Harte Faktoren wie Wirtschaft und Arbeitsmarkt sind zumindest der Erfahrung nach bei Präsidentschaftswahlen viel entscheidender als weiche Themen wie Abtreibung oder Drogenpolitik. Allerdings ist Cannabis innerhalb des Agrarsektors ein Industriezweig mit beachtlichen Wachstumszahlen. Fast eine halbe Million US-Amerikaner arbeiten in der Cannabis-Industrie, davon jeder Achte im Swing State Michigan – Tendenz landesweit steigend. 23.000 Jobs kamen allein im vergangenen Jahr dazu. Ob diese Leute selbst Gras konsumieren, spielt keine Rolle, solange sie ihre Brötchen damit verdienen. Einen restriktiveren Kurs wie unter Sessions werden diese Menschen nicht unterstützen. Vor diesem Hintergrund muss auch die Rescheduling-Debatte betrachtet werden. Die Schedule-1-Kategorie spricht einer Substanz (anders als Schedule 3) jeden medizinischen Nutzen ab, was im Falle von Cannabis nicht nur völlig absurd ist, sondern vor allem die Forschung und Entwicklung erschwert. Für den einzelnen Konsumenten ändert das Rescheduling aber erst mal wenig, da sollte sich niemand Sand in die Augen streuen lassen.

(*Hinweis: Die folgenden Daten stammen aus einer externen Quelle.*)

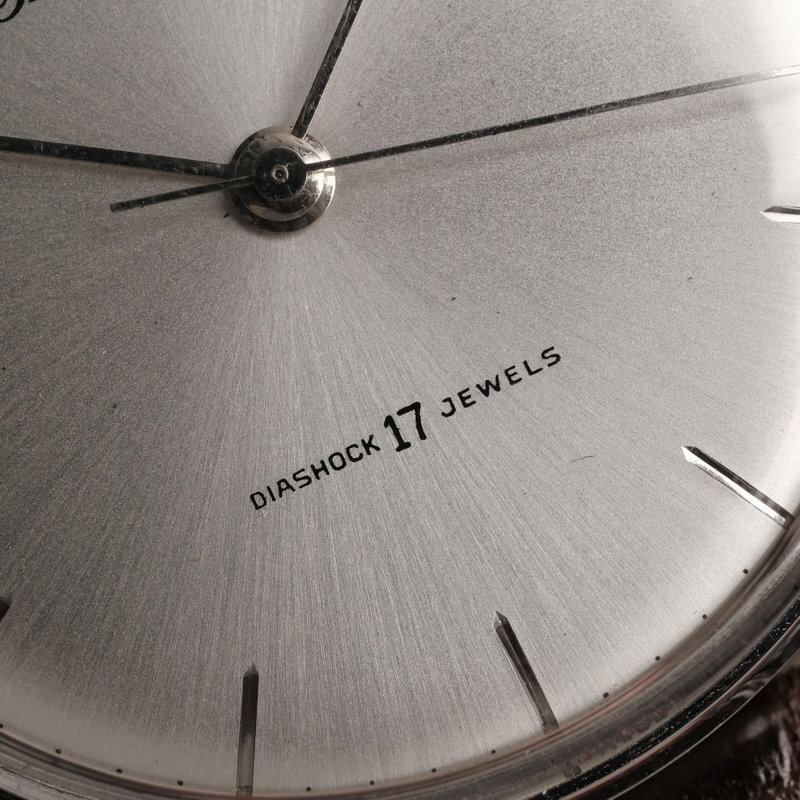 Seiko Seiko - Cronos - Ingen mindstepris - J14006 - Mænd - 1959 vintage watch - image 9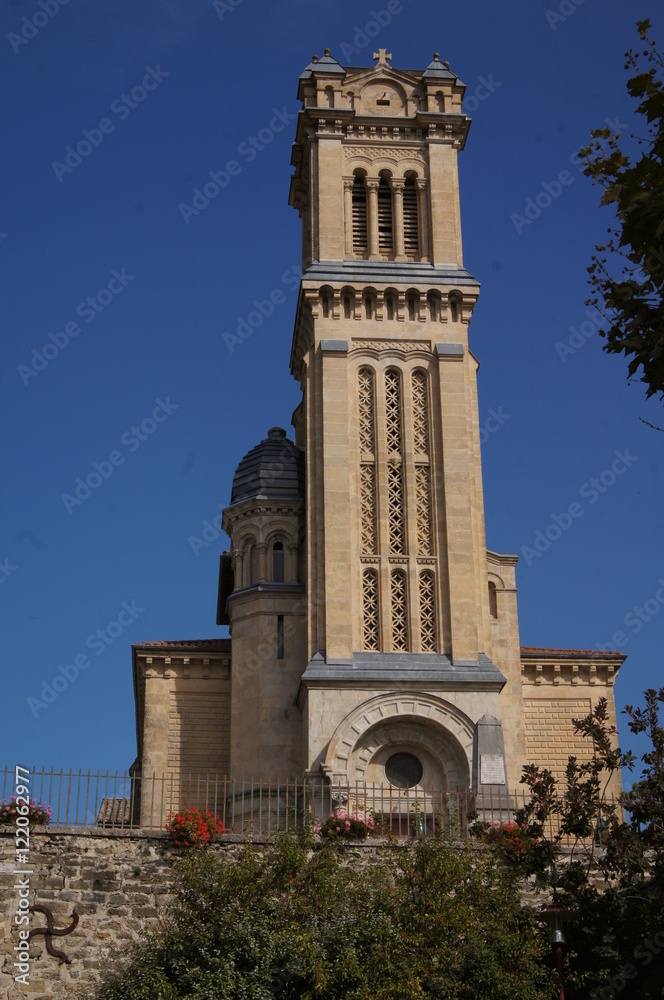 église de Montmiral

Meint Kamala es ernst mit der Legalisierung? Die Tatsache, dass unabhängig von der Cannabis-Politik der kommenden Administration die Uhren landesweit auf fünf vor 4:20 Uhr stehen, hat wenig mit politischen Entscheidungen zu tun, die die Popularitätsexplosion von Cannabis quer durch alle gesellschaftlichen Schichten doch nur noch nachvollzogen haben. Die Angstrhetorik von früher zieht nicht mehr, einfach weil zu viele Menschen eigene Erfahrungen mit Gras gemacht haben, die sich ganz offensichtlich nicht mit Nancy Reagans Gruselpropaganda der 80er Jahre decken. Am Ende dieser Dekade wird Cannabis in allen 50 Bundesstaaten legal sein. Für Amerikas Politiker bleibt nur noch die Frage, ob sie auf den fahrenden Zug aufspringen oder ihm hinterherwinken wollen.